Des coupes budgétaires sont opérées sur certaines enveloppes; des fonds supplémentaires sont alloués à d’autres.
Prosaïquement, on dira que pour l’exercice 2020, quelques ministres vont gérer un peu plus d’argent pendant que d’autres devront se serrer la ceinture. Mis bout à bout, les chiffres défendus devant les parlementaires par différents membres du gouvernement le démontrent clairement. Exemples: en 2020, Emmanuel Nganou Djoumessi, ministre des Travaux publics (Mintp) aura à sa disposition un portefeuille de 459,60 milliards FCFA, contre 361, 344 FCFA en 2019. À côté, Célestine Ketcha Courtès, sa collègue du ministère de l’Habitat et du Développement urbain (Minhdu) se taille 141,1 milliards FCFA, contre 143,156 milliards FCFA en 2019. Pour piloter les activités de son département, Jacques Fame Ndongo, ministre de l’Enseignement supérieur (Minesup), aura droit à un plus de 65 milliards FCFA, contre 58, 952 milliards FCFA à lui octroyés en 2019. Pour sa part, Paul Atanga Nji, ministre de l’Administration territoriale (Minat) va gérer 30, 547 milliards FCFA, bien mieux que les 27, 327 milliards FCFA de 2019.
Dans le club des ministères à «enveloppes tronçonnées», l’on retrouve (entre autres) celui de la Défense; juste quelques 244,407 milliards FCFA de budget en 2020. En 2019, ce ministère, à vocation strictement stratégique, avait eu droit à 247, 447 milliards FCFA. Au ministère de la Décentralisation et du Développement local (Minddevel), bien que modeste, la coupe est évidente: 44 milliards FCFA en 2020 contre 45 ,786 milliards FCFA en 2019. Au ministère des Relations extérieures (Minrex), Lejeune Mbella Mbella n’obtiendra que 34 milliards FCFA, assez loin des 37 681 milliards FCFA de 2019.

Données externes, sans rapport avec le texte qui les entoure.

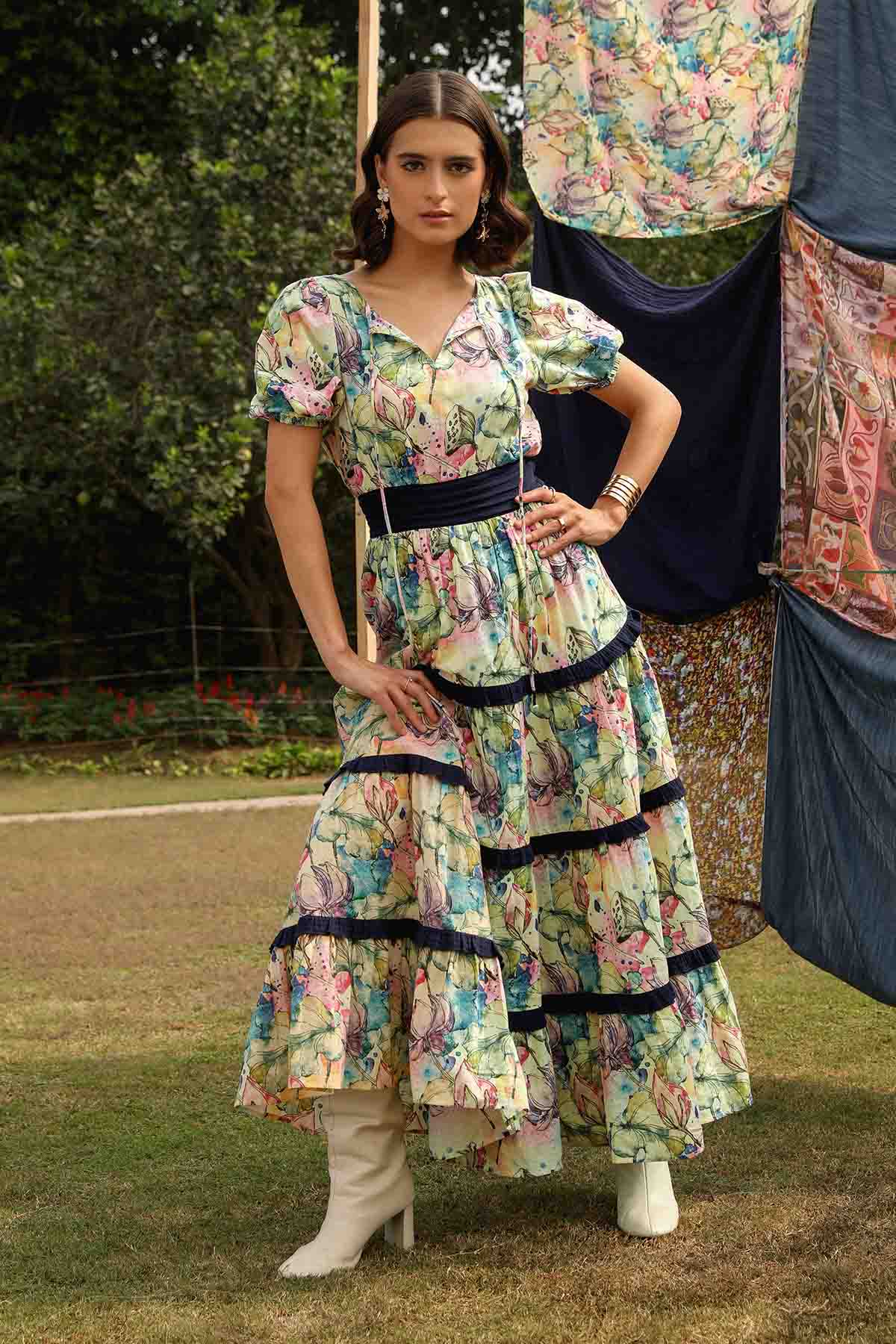 Multicolor Print Ruffle Dress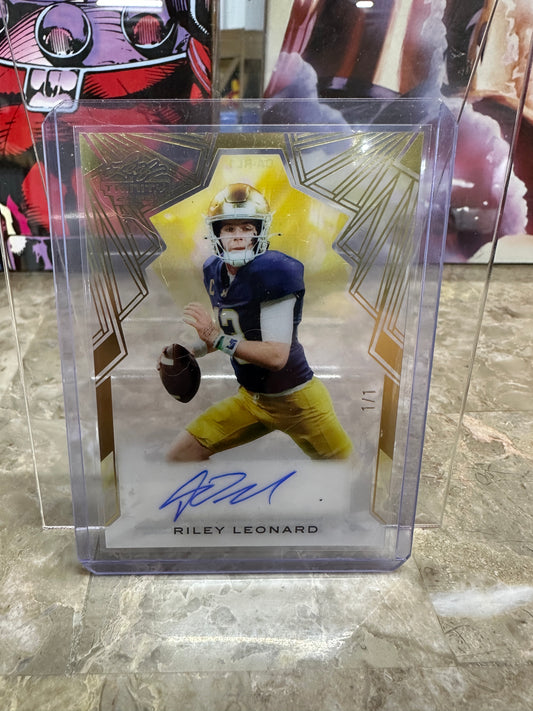 2025 Leaf Trinity RILEY LEONARD 1/1 GOLD CLEAR AUTO - Colts QB - True 1-of-1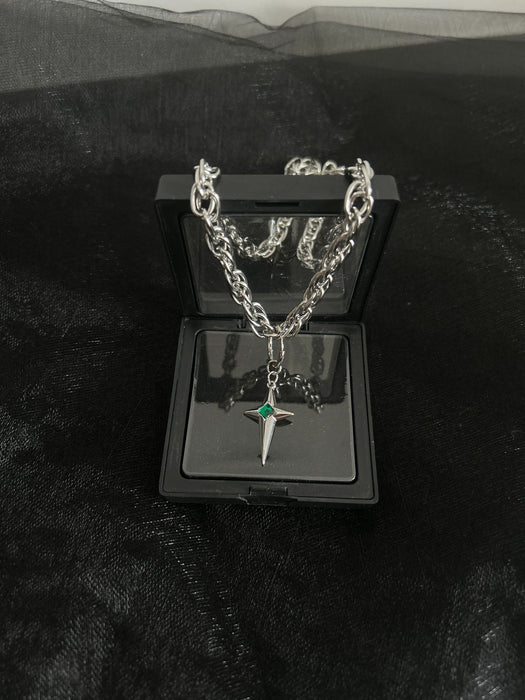 Wholesale Titanium steel non fading cross pendant necklace, niche design, high-end and versatile necklace accessory
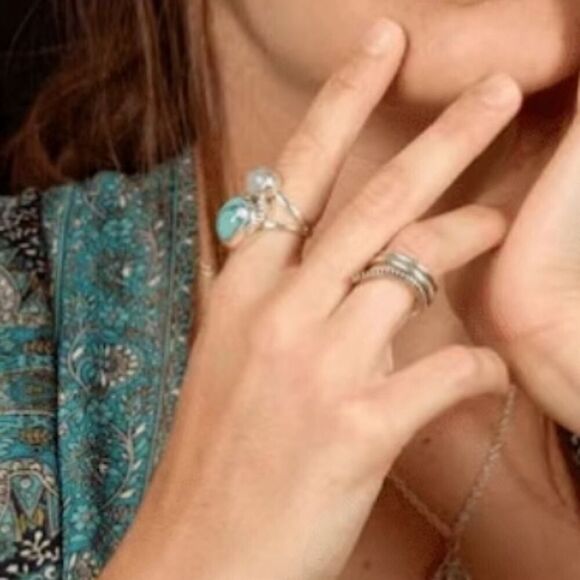 Boho Style Ring Inlaid Turquoise And Spherical Moonstone Match - Picture 2 of 6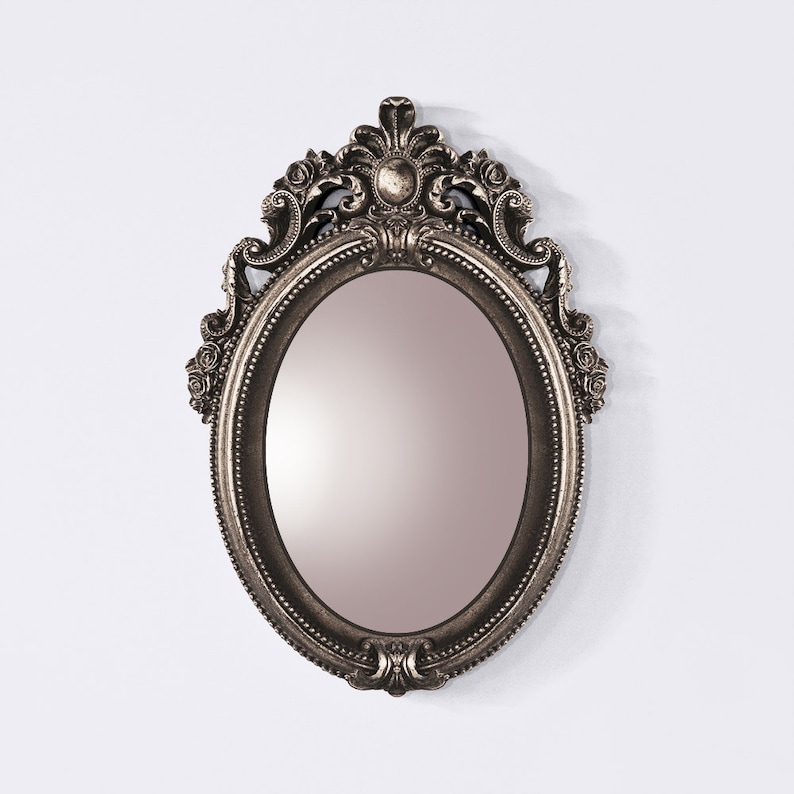 Silver Baroque Mirror Oval Baroque Framed Mirror Silver Etsy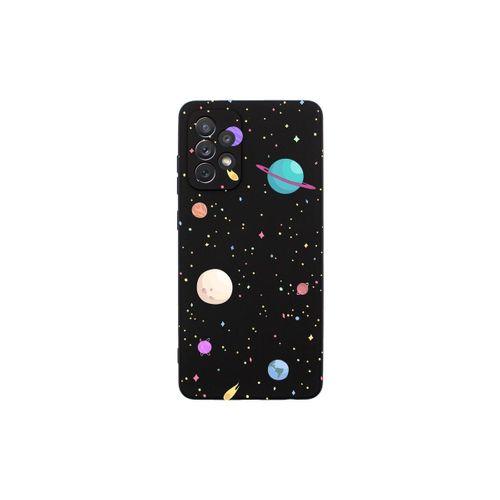 Samsung Galaxy A32 Uyumlu İçi Süet Güneş Sistemi Desenli Lansman Telefon Kılıfı
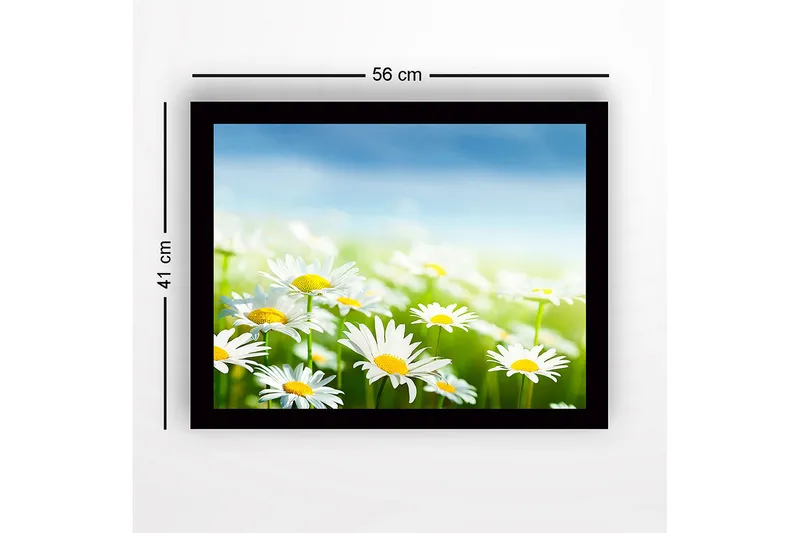 Innrammet lerretsbilde i tre - 41x56 cm - Fargerik eng med tusenfryd i blomst - Hvit / Gul / Grønn - Interiør - Maleri & posters - Lerretsbilder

Financements trop accommodants
«D’une part, les données mettent en évidence la diversité des priorités et, d’autre part, elles fournissent des indications sur les choix de politique budgétaire faits par le gouvernement», situe Benjamin Etienne Dooh. L’analyste financier croit savoir que les enveloppes allouées aux départements ministériels sont conformes aux classifications économique et fonctionnelle des recettes et dépenses des pouvoirs publics. «Ceci suppose que dans la grille de répartition, on a identifié les enjeux et faiblesses des mécanismes de financement des institutions publiques. Le contexte économique actuel nécessitant, lui, des décisions expresses pour exister et persévérer, on est conduit à penser que le budget peut être régulé par modulation ou rationnement, mettant ainsi la dépense sous contrôle», appuie-t-il.
Entre les lignes, un ancien questeur à l’Assemblée nationale lit la volonté de lutter contre la faiblesse des outils de pilotage financier dans certains ministères où la mécanique semble emballée sous l’effet de recettes faciles. «Là-bas, explique notre interlocuteur, la dépense a souvent été encouragée par la conviction euphorisante que la ressource suit toujours, malgré des instruments imparfaits et médiocrement opérationnels». Ainsi, sur le budget 2020 arrêté à 4 951,7 milliards FCFA, la griffe du parlement se perçoit dans l’ambition de remplacer la notion d’équilibre budgétaire par celle, plus large, d’équilibre des finances publiques. Le tout se rapporte évidemment à la trajectoire économique de l’exécutif, définie par Joseph Dion Ngute le 30 novembre 2019 à l’Assemblée nationale. À cette occasion, le Premier ministre avait confié à nos confrères de la CRTV que «l’objectif à long terme de ce budget, c’est de construire une nouvelle prospérité camerounaise, qui doit bénéficier à tous les Camerounais».